The Sun as it appeared just a few hours before perihelion 2015, as seen by NASA's Solar Dynamics Observatory. This image is in the far ultraviolet, emphasizing the corona, the star's outer atmosphere. Note the "coronal hole" near the bottom, where the solar wind streams away from the Sun.Photo by NASA / SDO / Helioviewer.org

NASA and writer Phil Plait for Slate magazine, tells us that tonight marks the point where the Earth is closest to the Sun all year and it's called the perihelion. What? But it's Winter time? How can that be? I must have missed my college astronomy class that day, tho I doubt I'm the only one.

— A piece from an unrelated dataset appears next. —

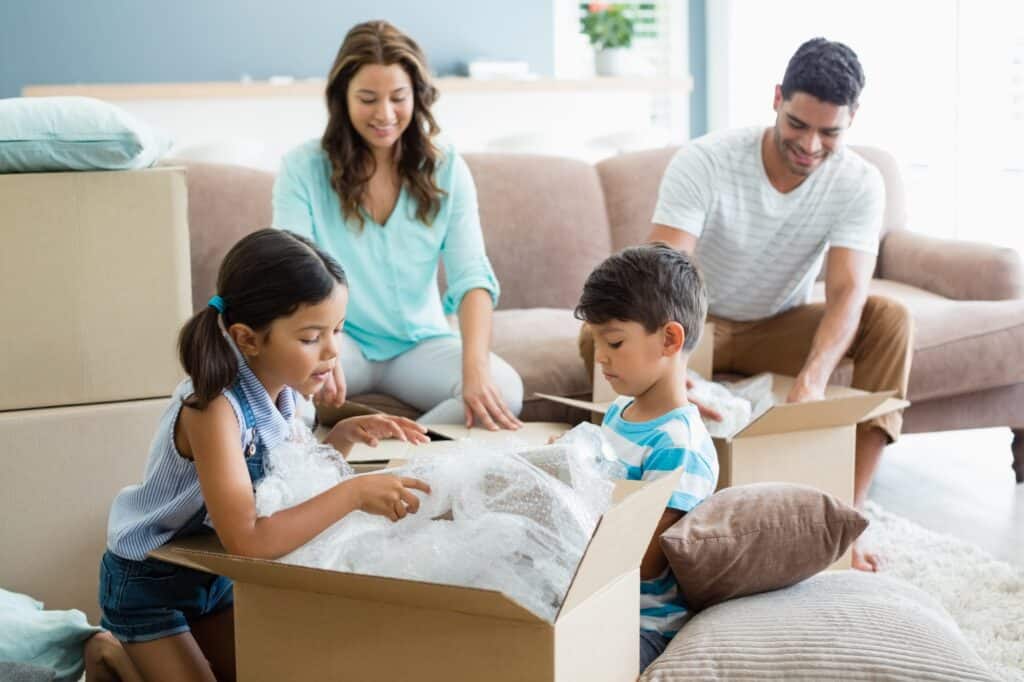 A young family unpacking boxes in their new house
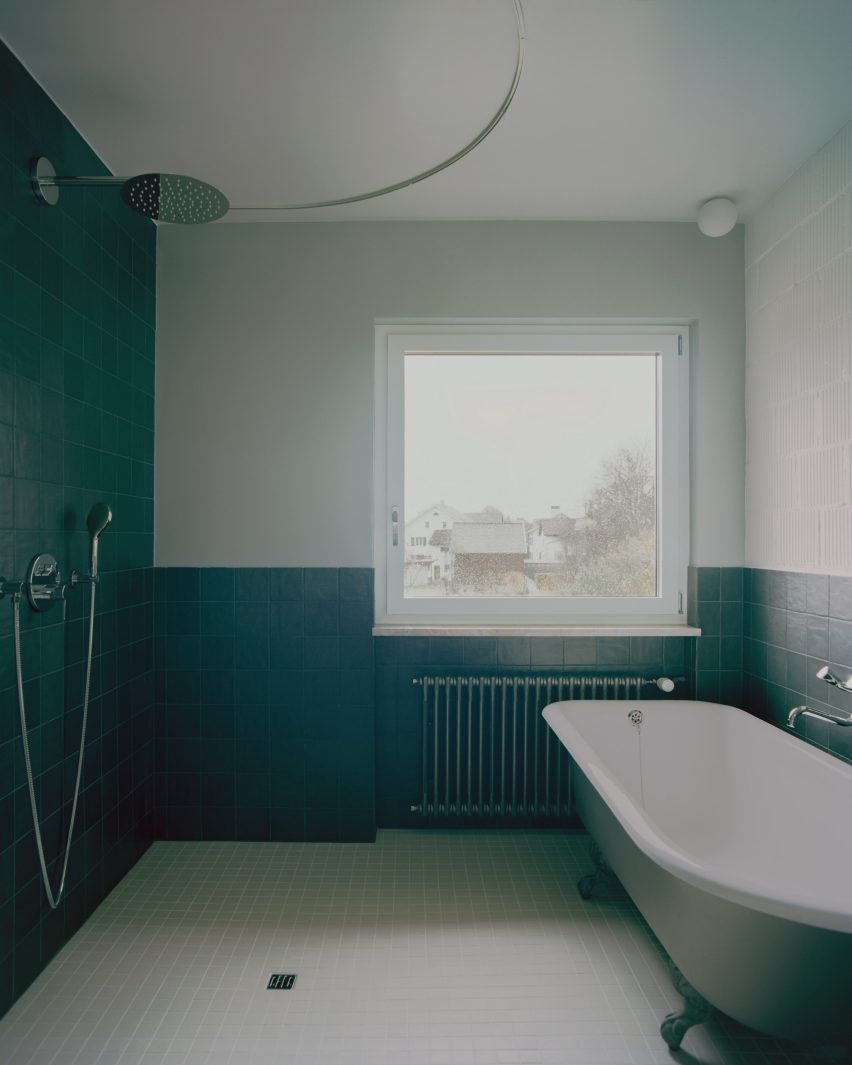 Bathroom with white and green walls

I know it's the 23.5 degree tilt of the Earth that gives us our seasons, but I hadn't realized that the tilt plays a larger influence on temperature than our distance from the Sun. 

After reading his other previous article about this, it turns out that another piece of information I hadn't realized is that Earth's elliptical path is not as "elliptical" as I first imagined. It's actually only slightly elliptical. This slight variation must have kept Keppler up all night, after night, after night until... "Ja das ist es!" (pun intended). 

Am I the only one who misunderstood this?